Your response should be every line of the data, written out exactly.

**RAW DATA**

____________

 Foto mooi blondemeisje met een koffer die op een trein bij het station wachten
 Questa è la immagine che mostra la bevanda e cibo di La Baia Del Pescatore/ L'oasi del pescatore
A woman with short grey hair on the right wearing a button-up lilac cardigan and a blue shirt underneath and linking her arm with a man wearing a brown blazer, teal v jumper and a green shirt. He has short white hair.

____________

**THE COMPLETED TASK**
 Foto mooi blondemeisje met een koffer die op een trein bij het station wachten
 Questa è la immagine che mostra la bevanda e cibo di La Baia Del Pescatore/ L'oasi del pescatore
A woman with short grey hair on the right wearing a button-up lilac cardigan and a blue shirt underneath and linking her arm with a man wearing a brown blazer, teal v jumper and a green shirt. He has short white hair.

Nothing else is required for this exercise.